- Cyber criminals are compromising cloud-based email services costing businesses more than $2 billion.
- COVID-19 targets scams target: teleworkers, first responders, medical facilities.
- FBI tips to guard against attacks.
The Federal Bureau of Investigation (FBI) has issued an alert stating that cyber criminals are mimicking popular cloud-based email services to compromise business accounts and exploit the COVID-19 pandemic to perpetrate fraud in telework environments. The scams are initiated through phishing kits which are designed to mimic the cloud-based email services in order to fraudulently request or misdirect transfers of funds using stolen credentials. Since 2014, the FBI Internet Crime Complaint Center (IC3) has received complaints totaling more than $2.1 billion in actual losses from scams mimicking two popular cloud-based email services.
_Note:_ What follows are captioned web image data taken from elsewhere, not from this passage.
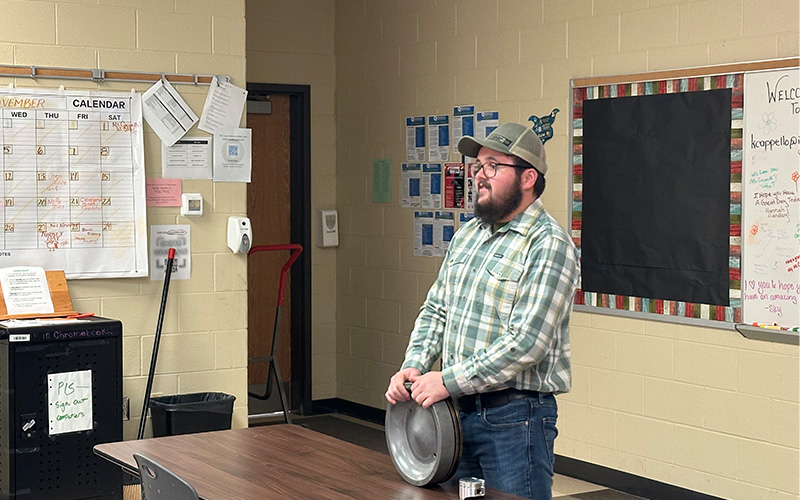 A person speaking to the class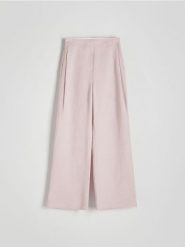 Spodnie z lnu i wiskozy - brudny róż. Czerwone spodnie materiałowe damskie Reserved, l, bez wzorów, z wiskozy. W wyprzedaży za 119.99 zł.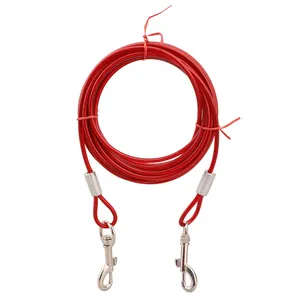Detailed close-up view of a red coiled steel wire pet leash with durable silver snap hooks.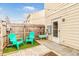 Cozy backyard featuring faux grass, two bright-colored chairs, a grill, and a stylishly paved patio area at 30 Cheltenham Dr, Clayton, NC 27520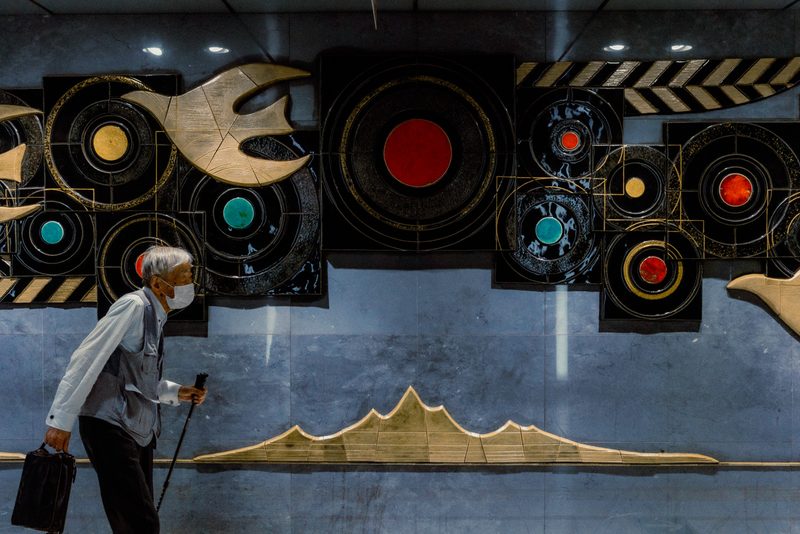 Anziano con bastone cammina davanti al murale astratto a cerchi di una stazione della metro, Tokyo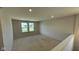 Spacious unfinished room with natural light streaming in from windows, perfect for a future living area at 6450 Stone Side Dr, Plainfield, IN 46168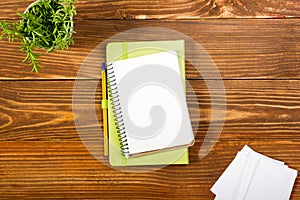 Office table desk with set of colorful supplies, white blank note pad, cup, pen, pc, crumpled paper, flower on wooden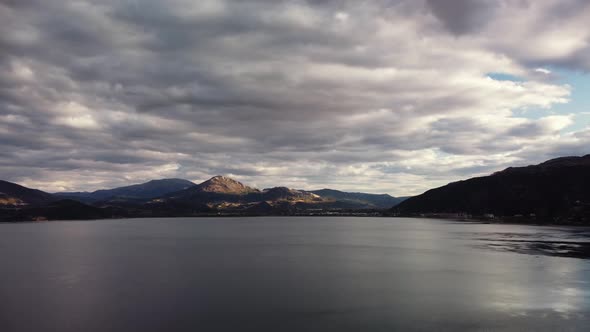 Aerial View of Calm Lake Egirdir Against Mountain Ridge and Cloudy Sky Over Them alt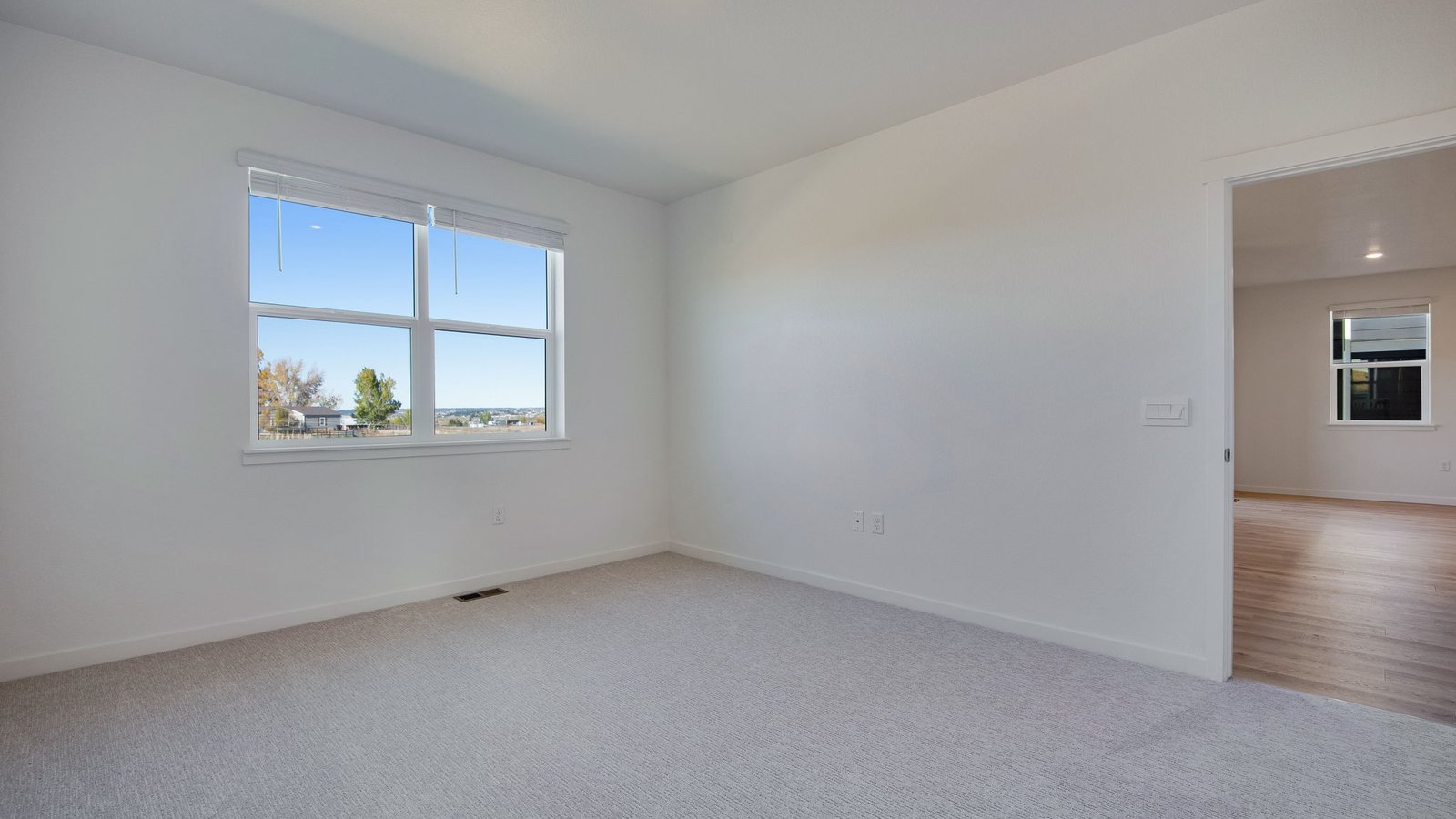 Primary bedroom in ranch home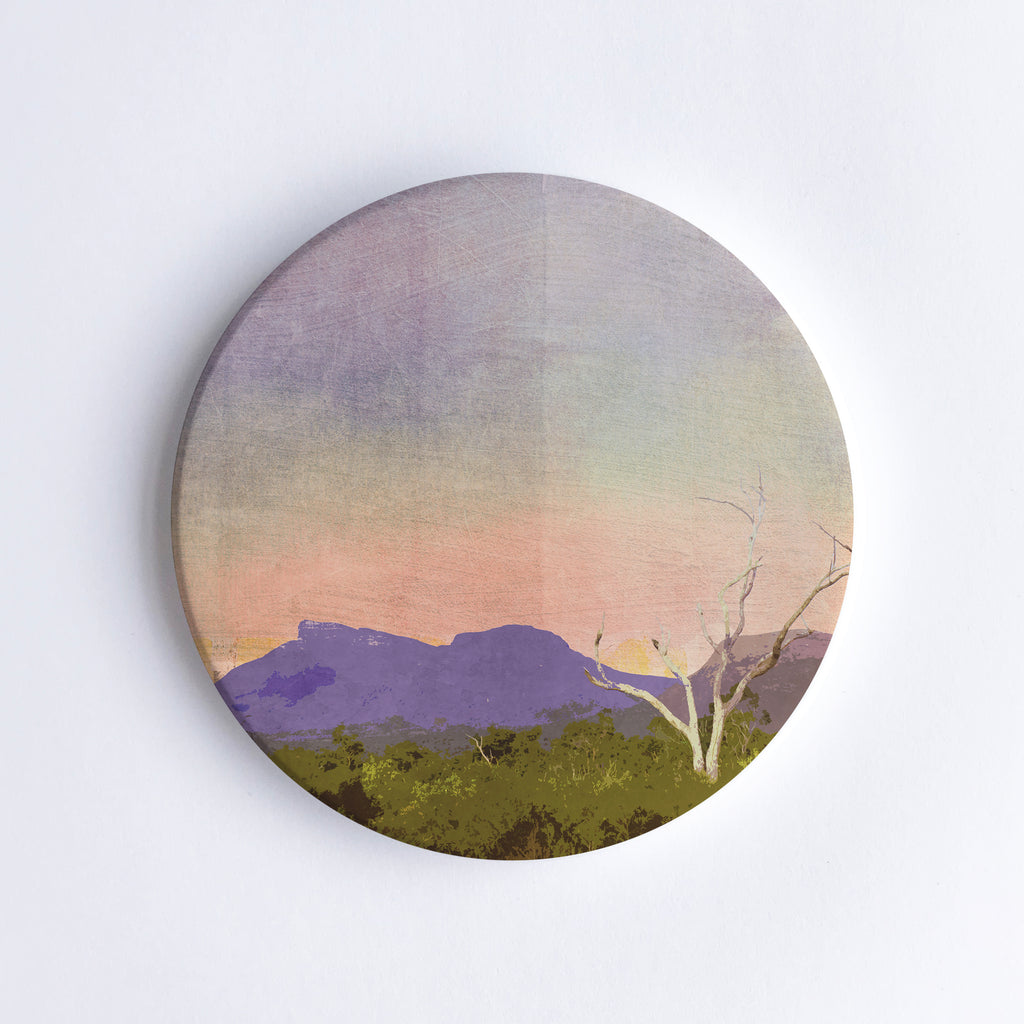 Round hand printed ceramic coaster with illustration of a purple shining Bluff Knoll mountain during sunset with a bare tree and trees in the foreground.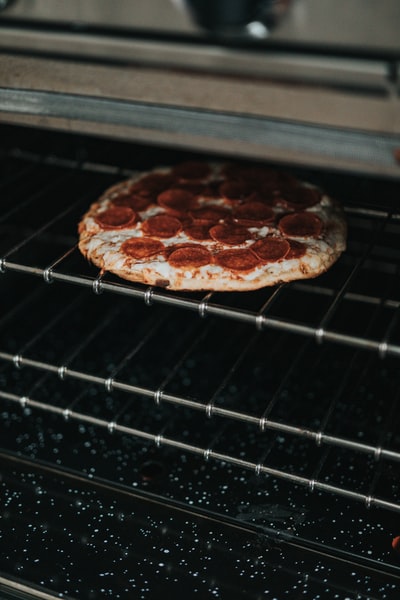 Brown and white on black metal grill pizza
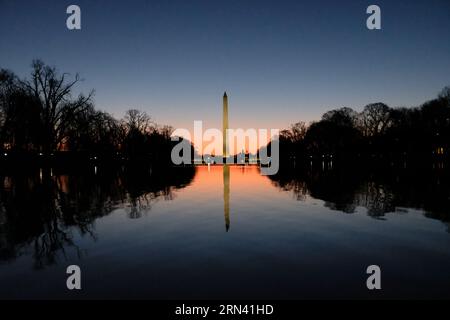 WASHINGTON DC, USA – das Washington Monument spiegelt sich bei Sonnenaufgang im ruhigen Wasser des Reflecting Pools. Das Licht am frühen Morgen taucht die National Mall in ein warmes Licht, das den berühmten Obelisken hervorhebt und eine ruhige und malerische Szene schafft. Das Washington Monument, eines der bekanntesten Wahrzeichen der Vereinigten Staaten, ist eine Hommage an den ersten Präsidenten der USA, George Washington. Stockfoto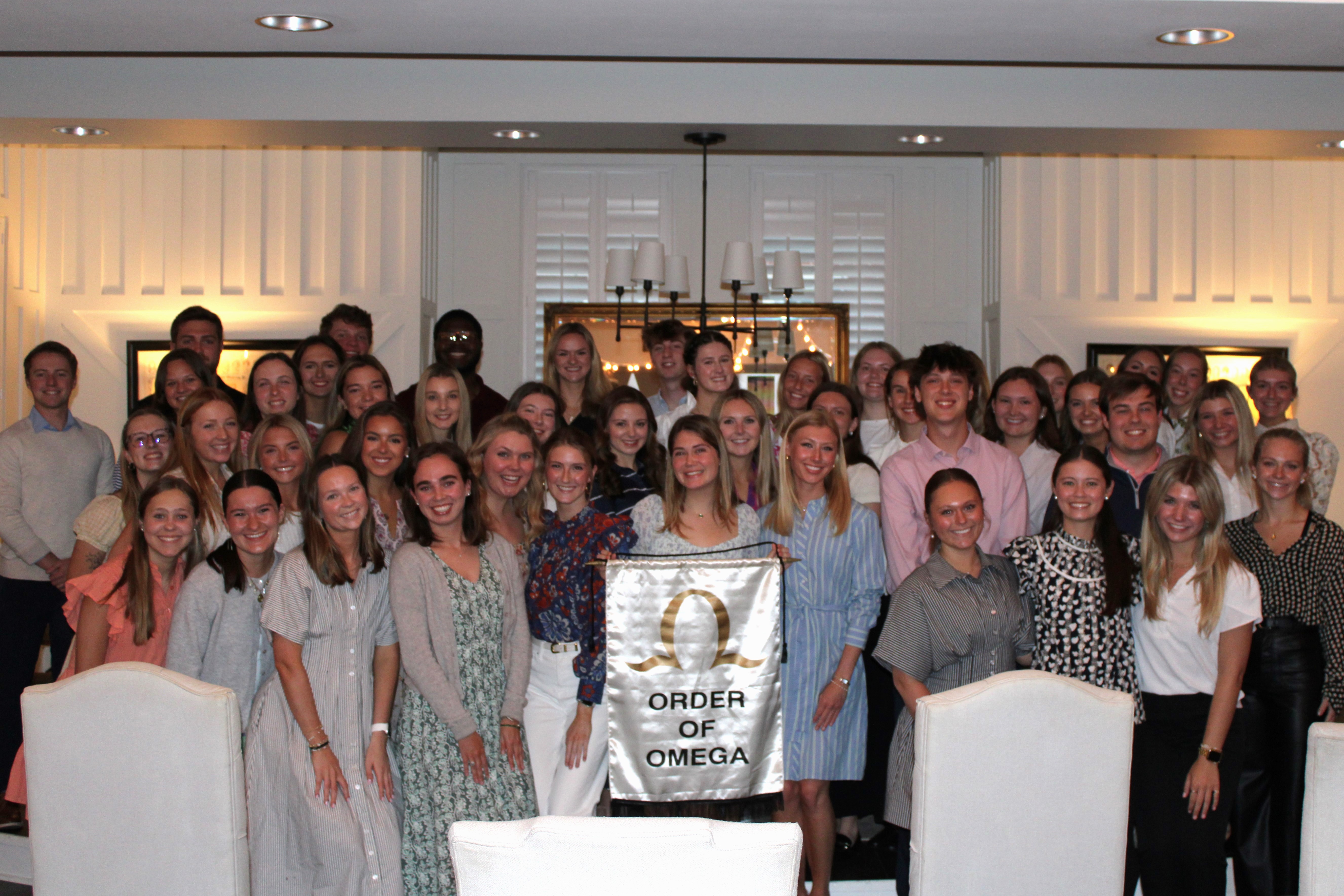 order of omega group photo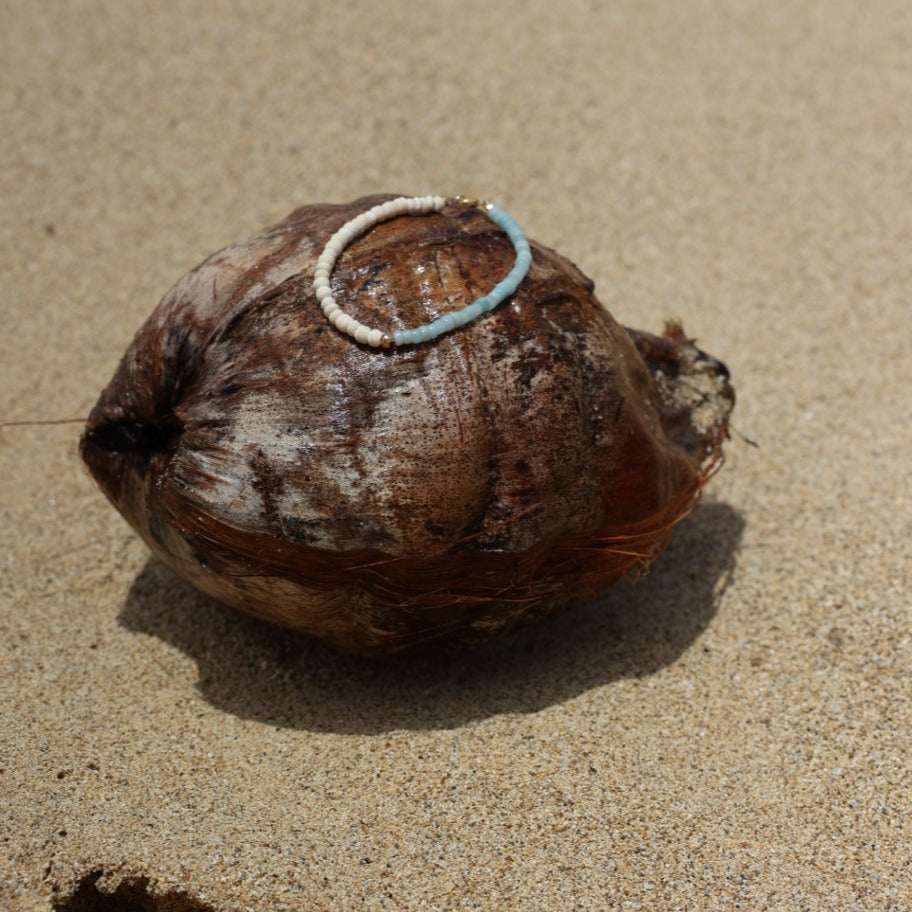 A natural brown coconut shell with a small white and light blue ring attached, lying on a sandy beige surface with a hard shadow cast to the right.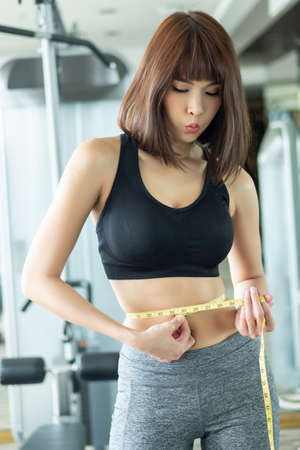 asian woman working out in gym with successful weight loss training program, portrait of fitness woman in gym posing for lean body and slim waistline, successful diet and healthy lifestyle conceptの写真素材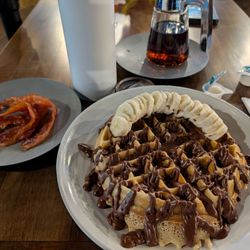Grinds Cafe and Sweet Shoppe - Belgium Waffle with Nutella and sliced banana with a side of bacon
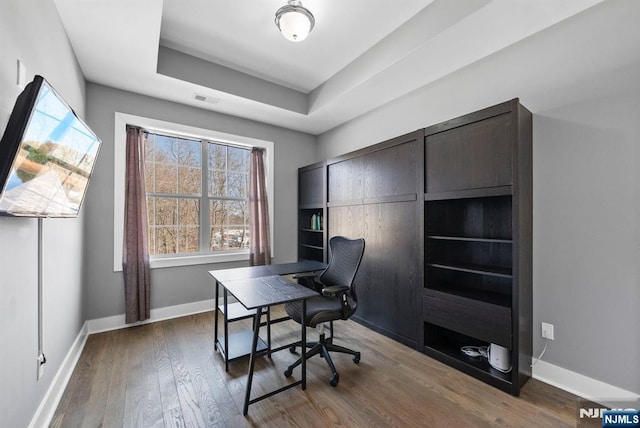 office space featuring a wealth of natural light, baseboards, a raised ceiling, and dark wood-style floors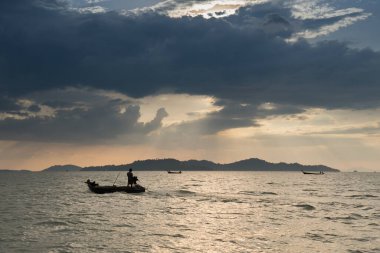 Filikadaki balıkçı suya yansıyor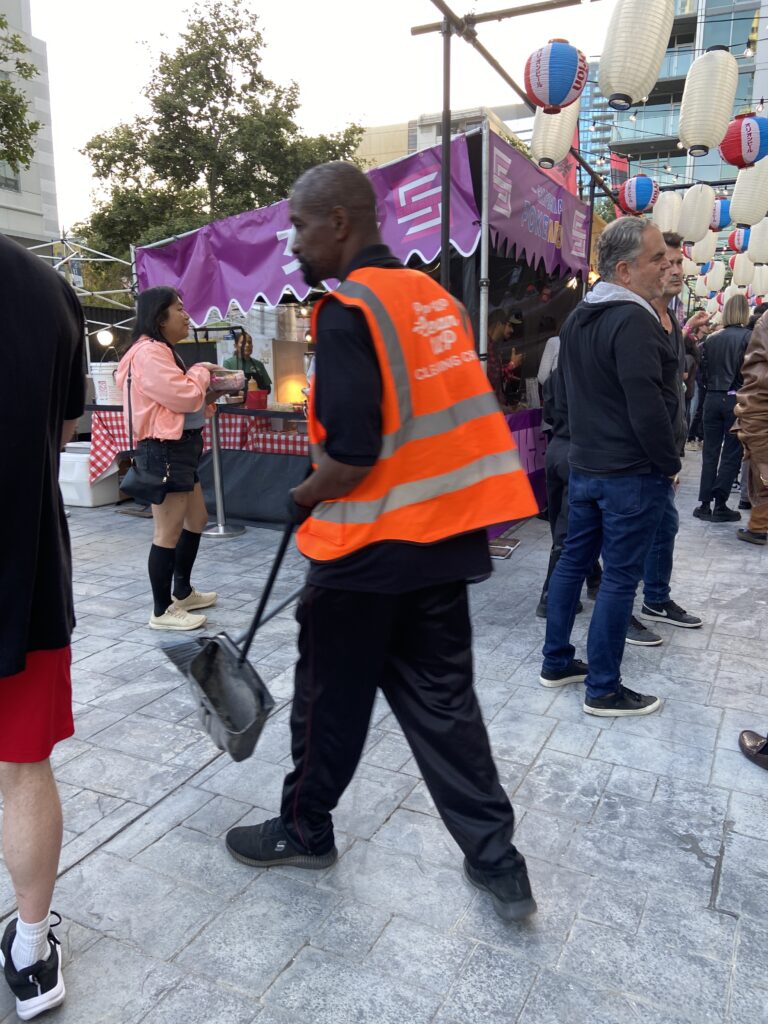 A PopUP CleanUP crew member with a broom and dustpan wearing an orange reflective branded vest outside at Trinity Auditorium Downtown Los Angeles for the Japanese Wrestling Event.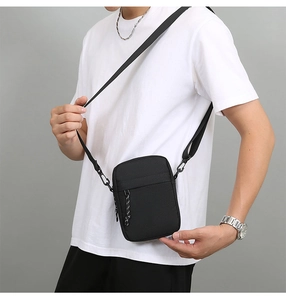 Men's black Oxford crossbody bag shown on a model with adjustable strap and woven zipper pull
These scams often use phishing kits that impersonate popular cloud-based email services by identifying the service associated with each set of compromised credentials and targeting the victims. Once the email account has been compromised, cyber criminals use the information from the account to impersonate email communications between compromised businesses and third parties to request that pending or future payments be redirected to fraudulent bank accounts. In recent weeks, cyber scammers have engaged in phishing campaigns against first responders, launched denial-of-service attacks against government agencies, deployed ransomware at medical facilities, and created fake COVID-19 websites that download malware to victim’s devices. The FBI offers the following tips:
- Enable multi-factor authentication for all email accounts;
- Verify all payment changes and transactions in person or via a known telephone number;
- Educate employees about identifying phishing emails and responding to suspected compromises;
- Prohibit automatic forwarding of emails to external addresses;
- Add an email banner to messages coming from outside your organization;
- Prohibit legacy email protocols (POP, IMAP, and SMTP) that circumvent authentication;
- Ensure changes to mailbox login and settings are logged and retained for at least 90 days;
- Enable alerts for suspicious activities, such as foreign logins;
- Enable security features that block malicious emails;
- Implement anti-phishing and anti-spoofing policies;
- Disable legacy account authentication; and
- Configure Sender Policy Framework, DomainKeys Identified Mail, and Domain-based Message Authentication Reporting and Conformance to prevent spoofing and validate emails.